Apply reductions for adverse gradient, tight curvature, poor surfaces, and obstacles. Conversely, long straight dry asphalt with good sightlines merits less reduction. Capture rationale and photos (716). If approvals in the UAE are required, note any local constraints and reference SIRA Bollards (UAE) in your assumptions register.
When uncertain, publish a banded result (e.g., 42–48 km/h) and carry the higher edge into design selection (432–435).
224.6 Sensitivity bands (±)
Publish ± ranges for inputs and outputs (228). Bands inform HVM bollard count buffers and crash rated bollard acceptance margins.
Vary key inputs—run-up length, acceleration, surface factor—by plausible ± deltas. Present a simple table: input low/nominal/high and resulting speed. Use these bands to justify buffers (e.g., choose the next tier up if the credible worst case straddles a boundary). Keep the assumptions register traceable (229).
224.7 Cross-checks & validation
Compare different paths and peak/off-peak timing. Convergence strengthens HVM bollard credibility and crash rated bollard submissions (444).
Cross-check three ways: (1) observed vs model, (2) alternative approach paths, (3) peak vs off-peak. If two of the three agree, treat that as your primary result and flag the outlier with reasons (e.g., braking, temporary cones). Validation notes belong with the evidence set (716, 717, 938).
224.8 Recording inputs
Store dates, devices, weather, and traffic conditions (716). Solid records speed HVM bollard approvals and crash rated bollard reviews (717, 938).

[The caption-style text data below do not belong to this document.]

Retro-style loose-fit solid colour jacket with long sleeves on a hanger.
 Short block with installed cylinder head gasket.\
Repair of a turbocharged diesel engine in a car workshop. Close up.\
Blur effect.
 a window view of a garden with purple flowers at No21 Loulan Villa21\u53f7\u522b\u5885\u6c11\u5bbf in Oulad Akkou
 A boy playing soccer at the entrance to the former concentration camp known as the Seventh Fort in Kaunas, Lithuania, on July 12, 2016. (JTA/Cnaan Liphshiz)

Log device type/accuracy, waypoint photos, measured spans, traffic levels, and any enforcement presence. Keep files named per 911 File Index & Naming Rules. For Dubai projects, note if timings were taken under typical SIRA operating conditions and attach a brief authority submittal note.
224.9 Worked example
Show one path: measured run-up, model, adjustments, resulting speed. Link to chosen HVM bollard pattern (321) and the candidate crash rated bollard rating string (413).
Scenario: 85 m straight approach on dry asphalt to a frontage array. Observations: 85 m in 5.8–6.2 s (mean 6.0 s ⇒ 51 km/h). Model: segment-accel with 1.2 m/s² straight, −10% for a gentle chicane near the end ⇒ 49–53 km/h. Adopt 52 km/h (high edge).
Effect on design: Pick a crash-rated class whose rating string covers the mass and speed; tune the array pattern (321) and clear-gap calculations (322) accordingly. Record sensitivities (±3 km/h) and include the GIS trace plus timing sheet in the VDA report (229).